Когда шла дискуссия вокруг выставки «Осторожно, религия!» и судебного приговора организаторам, мне кажется, самой разумной была позиция отца Владимира Вигилянского, который сказал: «Нам не нравится выставка, но давайте не будем все-таки выходить за рамки и наказывать людей тюремным заключением». Выскажу непопулярную в православной среде мысль, но думаю, что церковь должна была сделать все, чтобы не дать ход этому процессу. Потому что, в таком деле опираться на гражданские власти – значит демонстрировать слабость, а не силу. Лучше было помолиться о заблудших художниках и кураторах. За убийц молимся, а Самодурова с Ерофеевым простить не можем? Чем больше спокойствия и доброты будет проецировать русское православие и в лице мирян, и в лице священства, тем авторитетнее оно будет.

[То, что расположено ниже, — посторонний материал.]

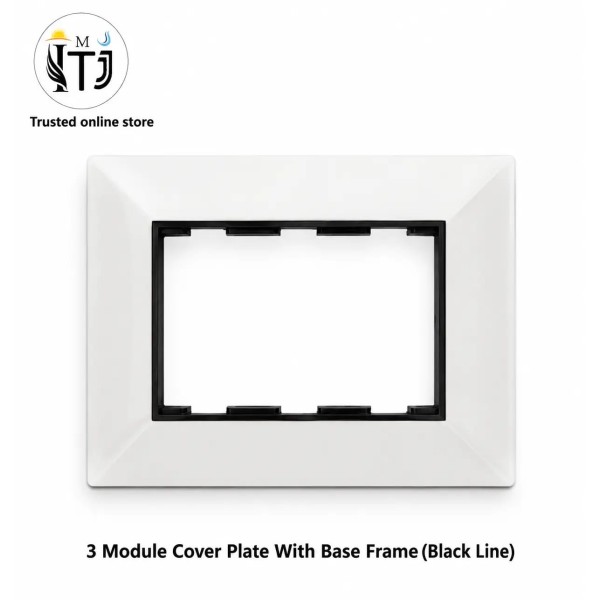 Black Line Sheet 3 Module Cover Plate With Base Frame | White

Приведу пример из опыта своих католических знакомых. После выхода скандального романа, а потом и фильма “Код да Винчи”, в Лондоне стали устраивать автобусные экскурсии по местам, где происходит часть действия романа. Как-то мой знакомый, местный капеллан организации “Опус деи”, которая находится в центре романа Брауна, увидел, что напротив дома, где находится их офис, остановился автобус с туристами. Он быстро вышел и пригласил экскурсантов внутрь, угостил чаем, ответил на их вопросы. Туристы, ждавшие увидеть фанатика-психопата, были очарованы.
Посмотрите видеосюжеты с участием убитого отца Даниила Сысоева. Можно не соглашаться с какими-то его позициями. Но для меня совершенно очевидно, что отец Даниил горел своей верой. Его преданность Христу была такой, что любой, даже самый закоренелый атеист или светский либерал, оказывался под воздействием его личности и его слова.
— Вы считаете, что в СМИ не хватает именно людей светских, не священнослужителей, которые бы выступали с православных позиций?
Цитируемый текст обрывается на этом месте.